# [The input]
——

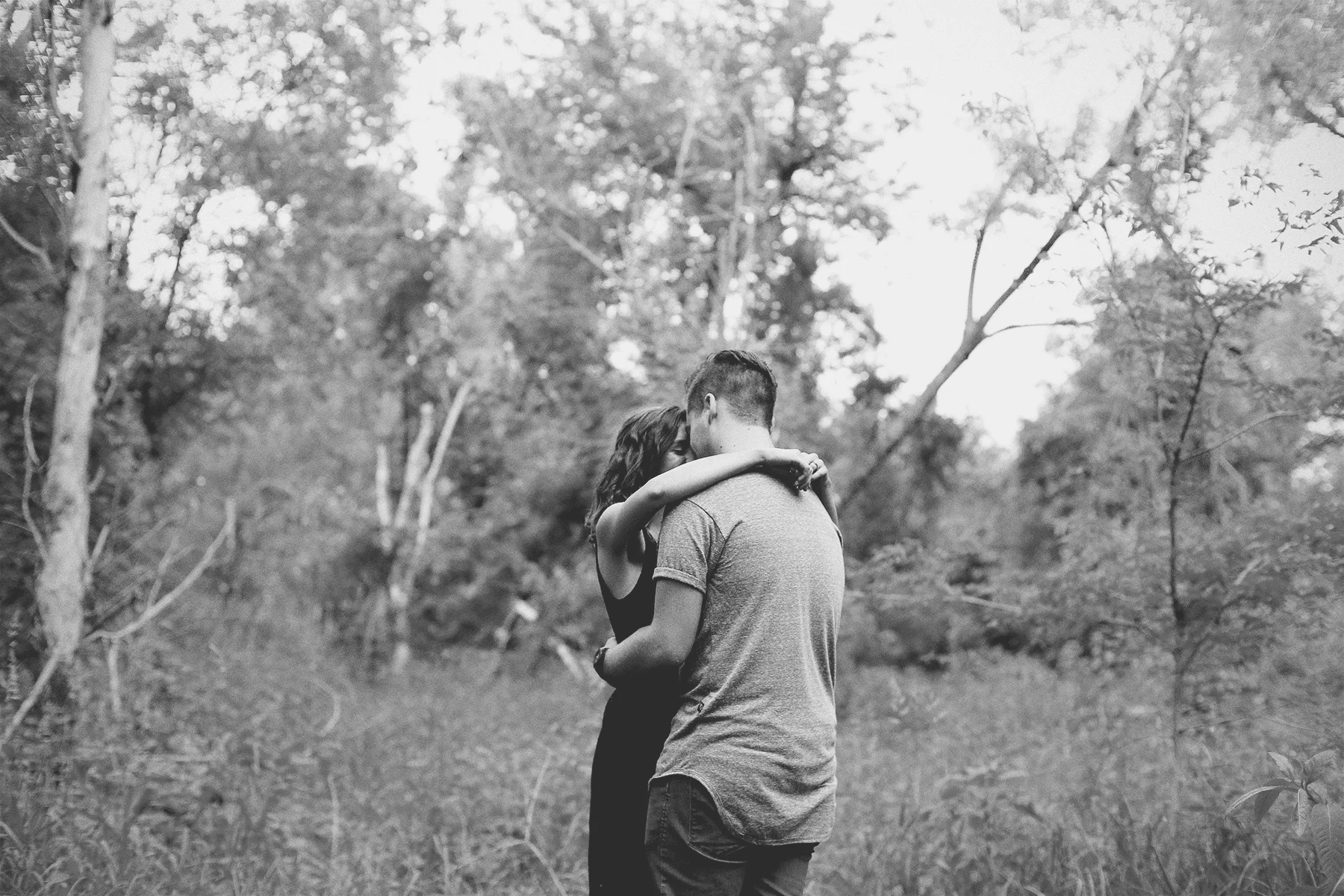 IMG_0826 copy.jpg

——

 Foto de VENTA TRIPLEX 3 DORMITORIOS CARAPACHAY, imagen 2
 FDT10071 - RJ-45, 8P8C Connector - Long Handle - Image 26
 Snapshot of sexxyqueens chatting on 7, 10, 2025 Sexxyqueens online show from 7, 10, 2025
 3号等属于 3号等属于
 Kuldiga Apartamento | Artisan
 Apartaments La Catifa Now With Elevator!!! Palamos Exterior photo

——

In the listing above, find the line with "Snapshot of sexxyqueens" and the line with "Apartaments La Catifa", then print exactly those two lines and every line between them, and nothing more.

 Snapshot of sexxyqueens chatting on 7, 10, 2025 Sexxyqueens online show from 7, 10, 2025
 3号等属于 3号等属于
 Kuldiga Apartamento | Artisan
 Apartaments La Catifa Now With Elevator!!! Palamos Exterior photo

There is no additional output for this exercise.